Diederik van Silfhout

Personal information
- Born: 20 April 1988 (age 38) Ede, Netherlands

Medal record
Equestrian
Representing Netherlands
World Championships
| Bronze medal – third place | 2014 Normandy | Team dressage |
European Championships
| Gold medal – first place | 2015 Aachen | Team dressage |

= Diederik van Silfhout =

Dutch dressage rider (born 1988)

Diederik van Silfhout (born 20 April 1988 in Ede, Netherlands) is a Dutch Olympic dressage rider.
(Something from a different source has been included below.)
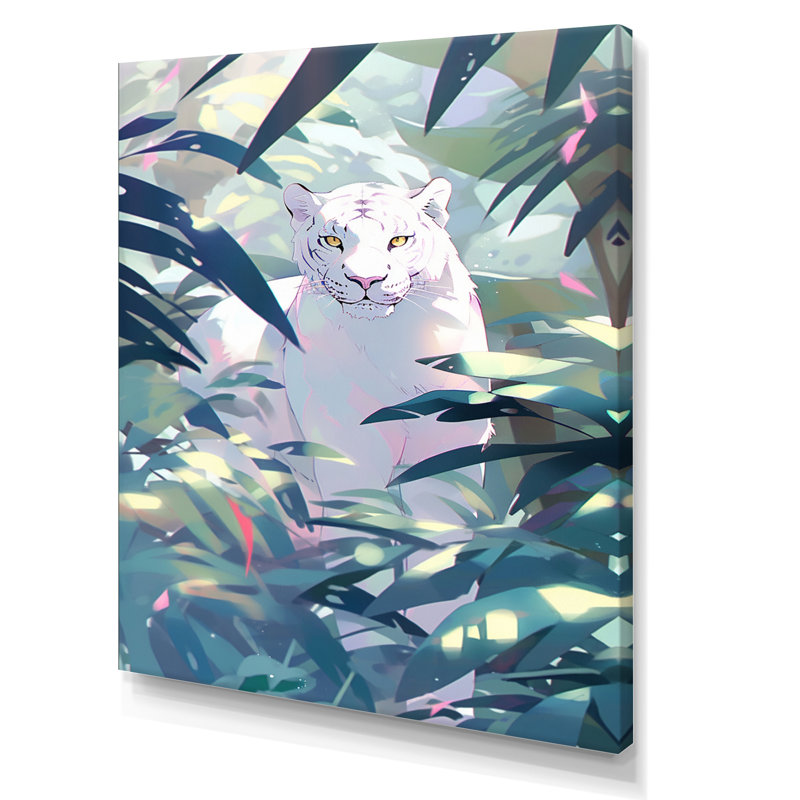 Cougar blanc dans la jungle tropicale sur toile, Toile tendue, 20" H x 12" W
Representing the Netherlands, he competed at the 2016 Summer Olympics where he placed 4th in the team and 11th in the individual competitions.

Van Silfhout also competed at the 2014 World Equestrian Games in Normandy, France, where he won a team bronze medal and placed 9th in the freestyle dressage competition. He competed in Normandy as a late replacement for Danielle Heijkoop, who was forced to withdraw after her horse sustained injury.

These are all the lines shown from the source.